In their study, Zhang et al. (2019) used data from China’s major grain-producing regions from 1996 to 2015 to examine the connection between carbon emissions, energy consumption, and economic development in the agricultural sector. China Rural Statistical Yearbook data from 1996 to 2015 were used for the ARDL model and Granger causality test. Estimated carbon emissions from the agriculture sector in major grain-producing regions were found to agree with the EKC theory. For the years 2001–2012, Fei and Lin (2017) conducted research on China’s agricultural sector’s CO2 emission efficiency. A proxy for environmental deterioration was developed by the researchers, and it was used in conjunction with two other important factors: the technology gap and management failure. Different areas of China, such as the eastern, central, and western regions, revealed differences in the agricultural industry.

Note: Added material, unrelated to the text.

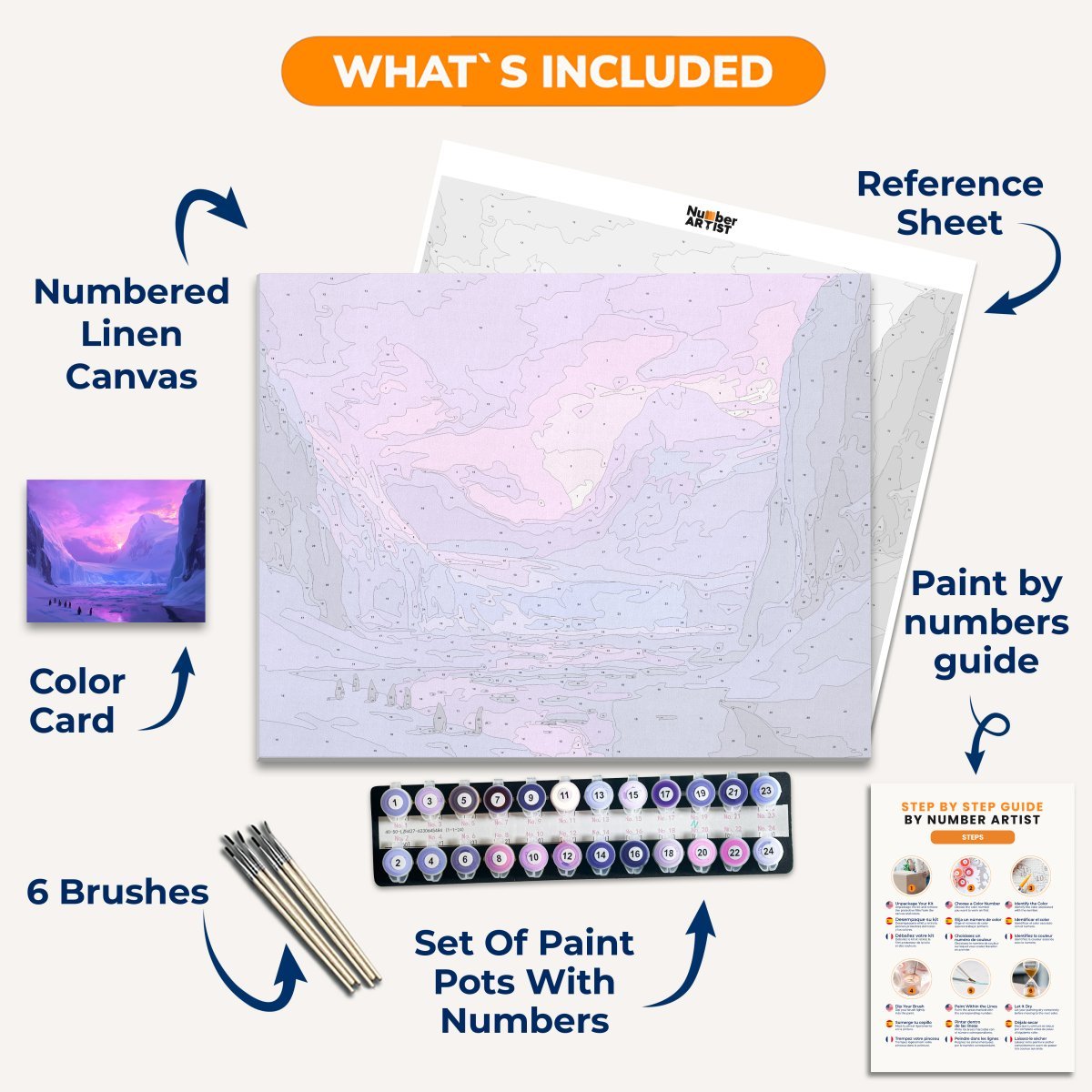 This is a digital art print depicting a breathtaking, icy landscape under a vibrant sunset.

Inter-annual instabilities and long-term trends in land demand for food supply, such as crops, animal products, and biomass-derived products (Chen et al., 2019), were the topic of a study conducted by Sandströmet al. (2014) between 1961 and 2007. It was difficult to locate the data and merge the statistics, empirical estimation coefficients, and parameters in the research because of several uncertainties. An increased number of strategies, including land discharges due to deforestation, are needed to analyze the inter-annual changes in land demand and supply and the environmental implications of agricultural goods. However, since the world’s population seeks the finest sustainable mixtures of ecosystem services, it was advocated to enhance agricultural systems.

Nasim et al. (2022b) conducted a study to explore the effectiveness of environment quality and trade along with human capital by using a pool of 63 countries, applying a panel ARDL approach. Wang et al. (2019) noted that OECD economies have implemented a green economic growth strategy by establishing and enforcing environmental rules and regulations. Studying the impact of environmental regulations on green production in a specific location was the focus of this research. The rigor of anti-degradation policies on the development of green output was examined using a set of panel data. In a restricted degree of rigidity, the Porter hypothesis proved that environmental policy has a beneficial influence on growth in environmentally friendly production. Innovation activities were shown to help maintain technological dynamism, possibly exceeding passive green expenditures incurred as a result of environmental legislation to create a green Earth.

Based on the World Bank’s world development indicators, Wasti and Zaidi (2020) examined the relationship between environmental degradation, energy consumption, and Kuwait’s economic growth and trade liberalization using yearly data from 1970 to 2017. According to Wang, Sun, and Guo (2019), carbon emissions have had a large and prominent influence on current environmental crises all over the world. As a result, it is necessary to investigate new approaches to boosting energy efficiency to reduce environmental damage while simultaneously supporting China’s rapid economic growth.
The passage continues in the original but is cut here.